**Problem to work on**
All entries are to be quoted exactly; the images stay out of the copy.

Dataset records
◇ ◇ ◇

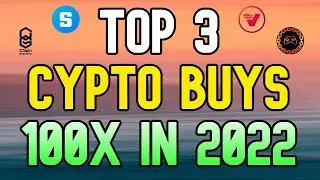 Top 3 Small Cap Crypto Coins To BUY NOW In 2022 - Huge Profits (100x)!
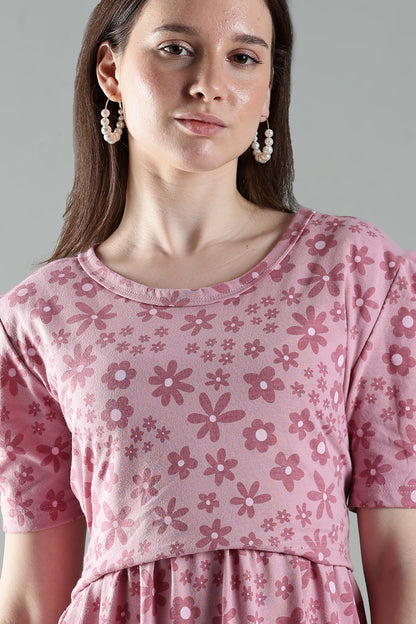 ZIPLESS MATERNITY WEAR | PUFF SLEEVE | GENTLE GRACE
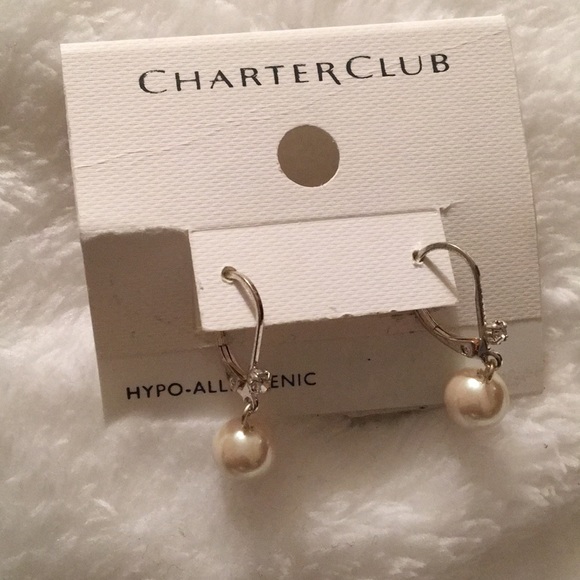 Charter Club Jewelry - Charter Club Hyper-Allergenic Pearl Earrings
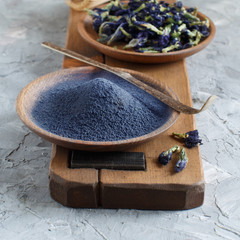 Butterfly Pea Powder India Organic Blue Tea Clitoria ternatea Bulk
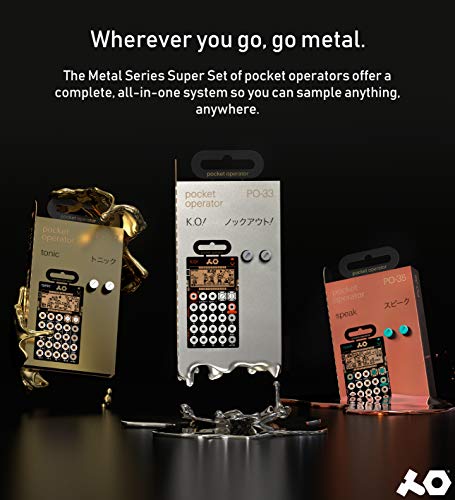 Teenage Engineering Pocket Operator Metal Series Super Set Bundle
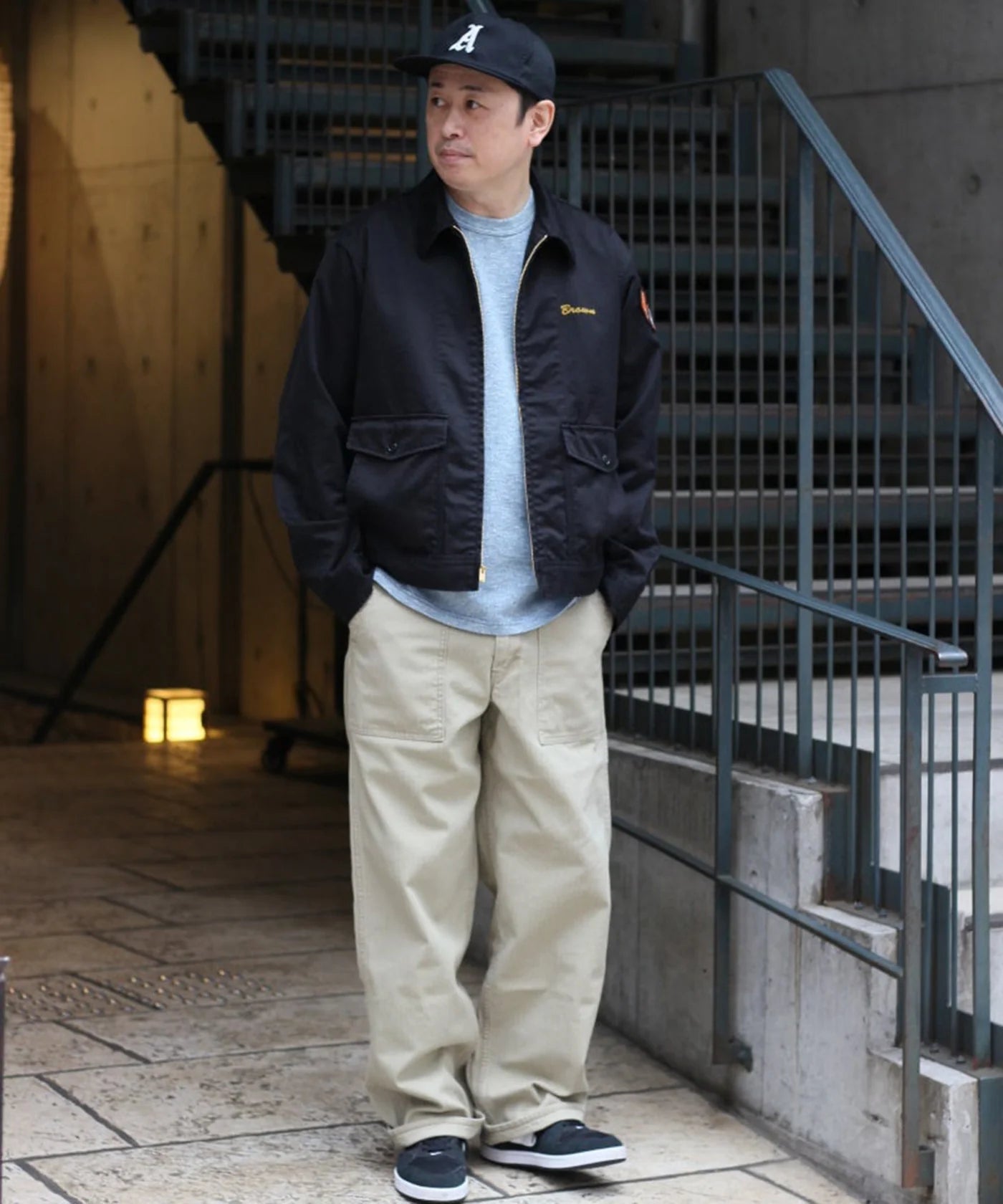 PHERROWS FIREFIGTHER WORK JACKET - BLACK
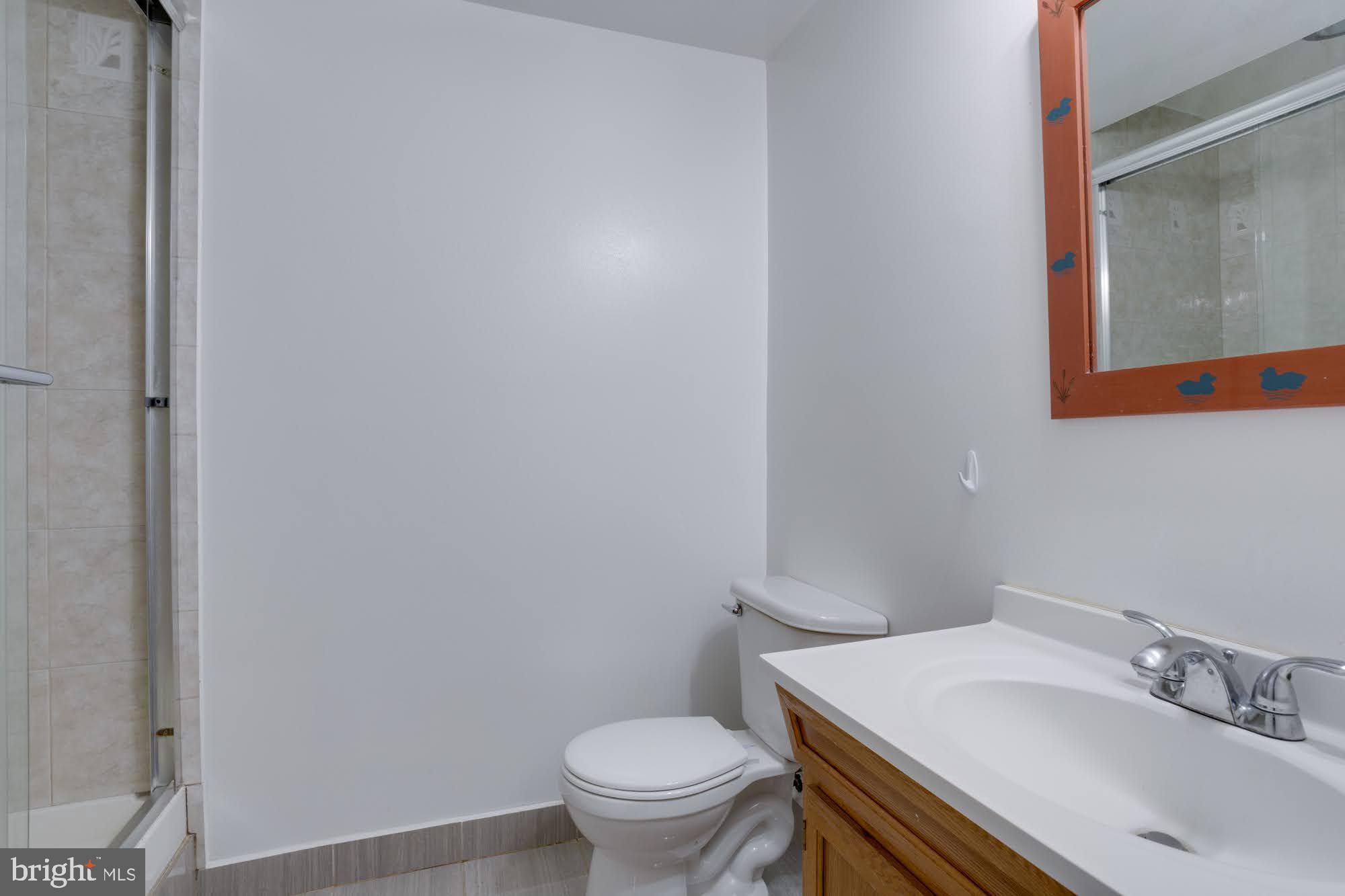 9043 Blarney Stone Drive Springfield, VA 22152 - Photo 22 of 23 a bathroom with a sink a toilet and a mirror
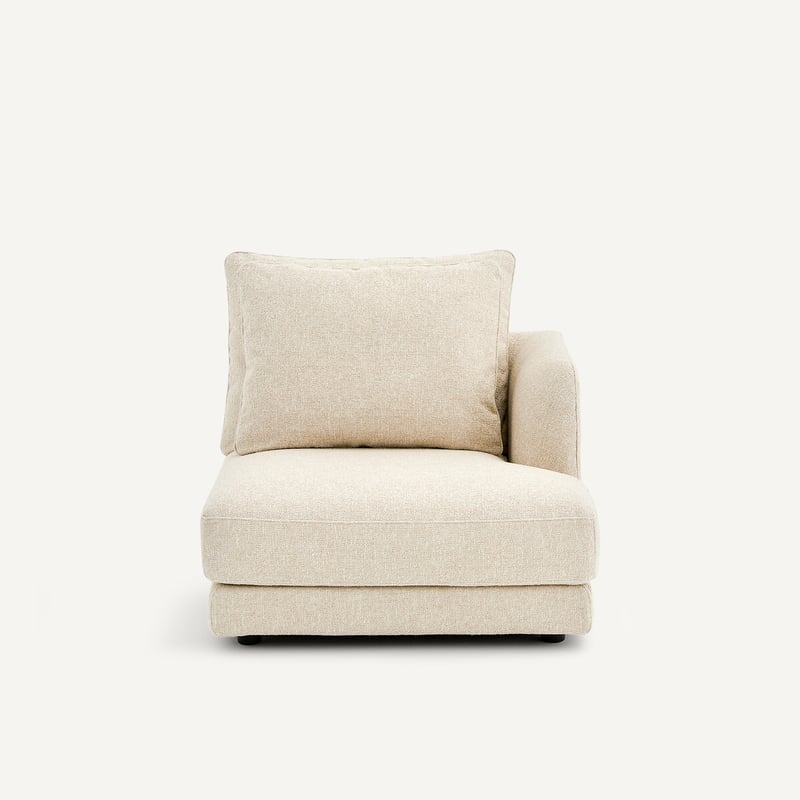 Am.pm Rechtes Halbsofa, Modular, Aus Bouclé, Tiberio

◇ ◇ ◇

**Task answer**
 Top 3 Small Cap Crypto Coins To BUY NOW In 2022 - Huge Profits (100x)!
 ZIPLESS MATERNITY WEAR | PUFF SLEEVE | GENTLE GRACE
 Charter Club Jewelry - Charter Club Hyper-Allergenic Pearl Earrings
 Butterfly Pea Powder India Organic Blue Tea Clitoria ternatea Bulk
 Teenage Engineering Pocket Operator Metal Series Super Set Bundle
 PHERROWS FIREFIGTHER WORK JACKET - BLACK
 9043 Blarney Stone Drive Springfield, VA 22152 - Photo 22 of 23 a bathroom with a sink a toilet and a mirror
 Am.pm Rechtes Halbsofa, Modular, Aus Bouclé, Tiberio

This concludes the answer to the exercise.